Smoking rates were in steady decline until the ban came in. And I can only wonder what not saying how much tar is in a fag or what having loads of untested fire retardant chemicals in a fag will do.

Or indeed, banning packs of 10 (there have been times in the past when I had given up for months when I just had a craving. A couple of fags would have done the trick and then I would have binned the pack and given up again. But I wasn't going to chuck 18 fags! Especially at £8.00 a pack (another Tobacco Control brain wave)). Indeed, I can't think of a single TC measure that hasn't resulted in HARM rather than encouraging health. It's telling that the only time I gave up for a long time (18 months) was when I lived in Spain and fags were 80p a pack and at the time you could smoke anywhere. I knew I was giving up because I wanted to, not because I was being hectored into it.

It's also telling that I haven't wanted to give up since 2007. ASH - promoting ill-health one step at a time.

BrianB said...

Sorry Chris, but I am not convinced that this shows anything more conclusive than the 'miracle' studies of the anti-tobacco zealots.

Yes, there was a "significant" fall in the trend between two 42-month periods, but so what? Looking at the trend in figure 1, it seems to have been falling more steeply before the legislation than after. It doesn't help having only 5-point moving averages, when there is clearly a huge seasonal (winter/summer) effect going on - 13-month moving averages would have been more useful.

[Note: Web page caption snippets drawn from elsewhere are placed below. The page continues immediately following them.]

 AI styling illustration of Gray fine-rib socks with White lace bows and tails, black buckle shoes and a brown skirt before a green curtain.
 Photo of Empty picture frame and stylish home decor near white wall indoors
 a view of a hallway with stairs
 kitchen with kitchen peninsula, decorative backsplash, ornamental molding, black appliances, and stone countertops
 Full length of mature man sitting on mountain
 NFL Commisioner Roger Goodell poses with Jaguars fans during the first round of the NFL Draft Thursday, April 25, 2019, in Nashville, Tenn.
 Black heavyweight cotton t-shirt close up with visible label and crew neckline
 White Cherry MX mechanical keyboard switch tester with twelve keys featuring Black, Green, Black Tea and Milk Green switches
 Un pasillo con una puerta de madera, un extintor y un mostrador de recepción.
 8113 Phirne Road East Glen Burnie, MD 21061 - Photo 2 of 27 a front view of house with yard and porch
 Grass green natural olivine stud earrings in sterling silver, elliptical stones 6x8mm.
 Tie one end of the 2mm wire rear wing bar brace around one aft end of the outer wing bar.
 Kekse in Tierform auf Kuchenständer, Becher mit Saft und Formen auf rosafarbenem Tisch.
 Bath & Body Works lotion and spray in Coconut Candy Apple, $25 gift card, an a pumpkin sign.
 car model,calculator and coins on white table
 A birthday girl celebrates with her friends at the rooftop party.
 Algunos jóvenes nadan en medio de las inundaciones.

I do take your point about the large drop immediately after the introduction of the legislation, but it follows an apparently out-of-trend increase over the preceding period. The end result is that, over the whole 7 years the trend seems remarkable consistent, and any abrupt changes are merely down to whatever was going on in late 2004/early 2005. I would have been happier if they had shown the prevailing trend for a longer period before the legislation too, at least to see whether the prevailing trend was a long-term one. If it was, then nothing appears to have changed. If it wasn't, then where is the analysis of potential confounders (ie other possible reasons for the change)? There isn't one.

I am also quite deeply unhappy that they have used a 'fudge factor' of value 1 as a proxy for 'measuring' the existence of the legislation. This trick has recently been used by Glantz and copied by one of the UK anti-tobacco wimmin (I can't remember which one - Bauld, I think). All they are really doing is setting the value of 1 for any period after a specific date - it is no way a measurement of the efect of the legislation per se and, as such, cannot be used to prove any relationship, other than coincidence over time, which, as I suggested before, looks like it was happening anyway.

All in all, I see no methodological difference between this study and the Pell/Glantz/Gilmore garbage. Both groups can claim to have achieved statistically significant results, but that is not surprising - there is always a mathematical comparison technique somewhere that will show significance. It just needs to be searched for in the software packages used by these people.

Anyway, why should this be seen as any different to the 'miracle' studies? "Study proves that state legislation is effective" is hardly a rallying cry to admire, and equally applies to both types of study.

In my (low) opinion, economists are one of the three categories who should not be allowed anywhere near statistical methodologies - the others being epidemiologists and climate scientists (sic). They are all charlatans, and, equally, are usually wrong.